What to produce: The material below holds the lines to copy: from the one with "Foto langkah ke" up to and including the one with "圖為在安龍縣篤山鎮梨樹村參觀考察。". Copy them exactly and skip the pictures.

Materials provided:

____________________

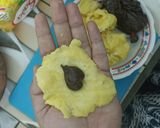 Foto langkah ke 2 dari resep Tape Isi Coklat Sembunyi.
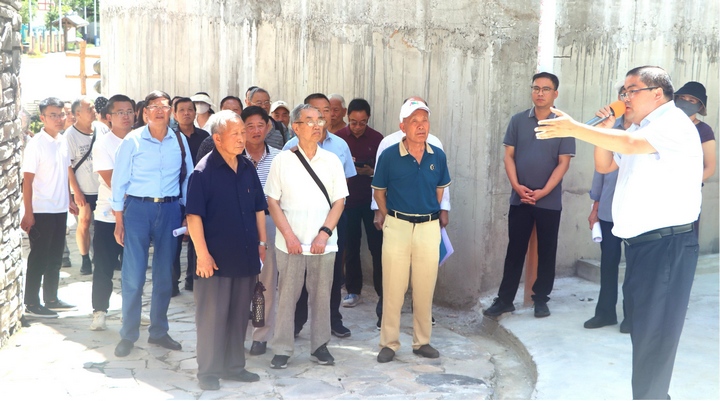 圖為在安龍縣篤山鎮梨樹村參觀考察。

____________________

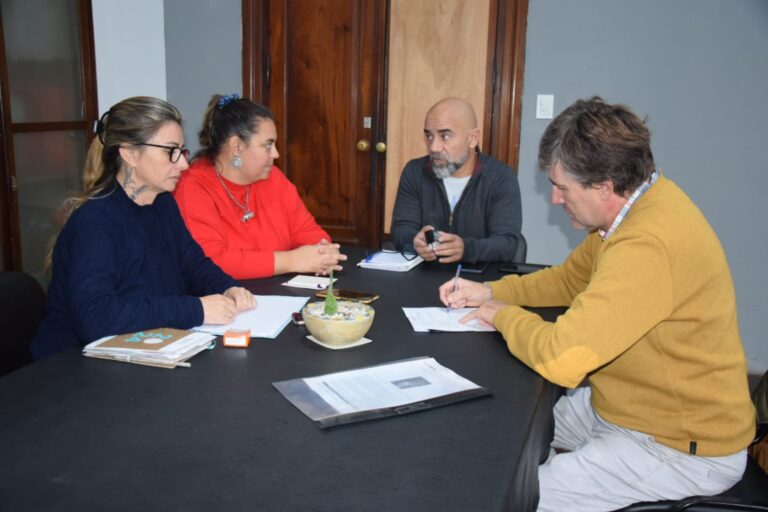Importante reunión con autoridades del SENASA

____________________

Answer to this task:
 Foto langkah ke 2 dari resep Tape Isi Coklat Sembunyi.
 圖為在安龍縣篤山鎮梨樹村參觀考察。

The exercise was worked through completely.